Jackboots For Goalposts: The Making Of Escape To Victory
Commissioned by James Brown and assembled with the assistance of the mighty John Wark and Soccer AM stalwart John Fendley.
The article originally appeared in Hotdog.
Note - I usually post these pieces as they were originally written. While this article in no exception, I should add that I now know why John Huston made Escape To Victory; it was to pay off his gambling debts!
John Huston has made better films than Escape To Victory - The Maltese Falcon, The Treasure Of The Sierra Madre, The Man Who Would Be King, The African Queen, Fat City - but it's doubtful the writer/director/actor/producer/bullfighter/Mexican cavalry officer/prizefighter ever made a film that was as much fun as his soccer opus.
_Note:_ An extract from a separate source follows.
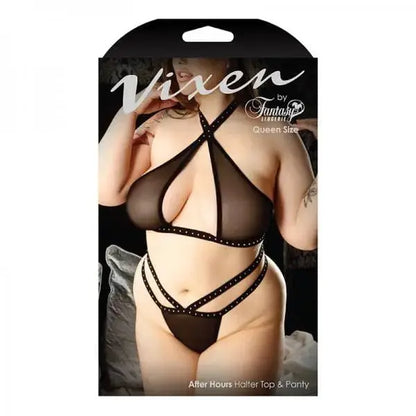 sex toys Black / One Size Vixen After Hours Studded Halter Top & Panty Black Vixen vixen-after-hours-studded-halter-top--panty-black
Indeed, if you were a lad in 1981, it was hard to imagine a more entertaining film. Pele, Michael Caine and Bobby Moore (your dad's twin idols), the FA Cup-winning Ipswich side, Rocky... it was only a year later with the release of John Landis' An American Werewolf In London that we released that a Jenny Agutter shower scene was the only thing that could have possibly improved Escape To Victory.
That the film still enjoys cult status can't be entirely attributed to schoolboy nostalgia, however. A more probable reason for the public's sustained affection is the film's relationship with the granddaddy of all POW movies, The Great Escape. The similarities between the two includes: all-star casts, similar looking Stalags, whistle-along theme tunes, the enemy 'just doing its job, oh yes, and an abundance of Allies spunk.
It's also worth noting that Huston respected Great Escape director John Sturges's belief that a film's supporting cast is almost more important than its stars, hence the appearance of respected British thesps Tim Pigott-Smith, Maurice Roeves and Daniel Massey among the Allied off-field staff, and Ingmar Bergman's actor-of-choice Max Von Sydow as the 'good' Nazi, Major Karl Von Steiner. And as the two films are inextricably connected in the nation's collective memory, it also explains why a link exists between The Great Escape and English football: a connection never more potent than in the moments after David Beckham swept home that free-kick against Greece and Old Trafford broke into a spontaneous rendition of Elmer Bernstein's stirring score.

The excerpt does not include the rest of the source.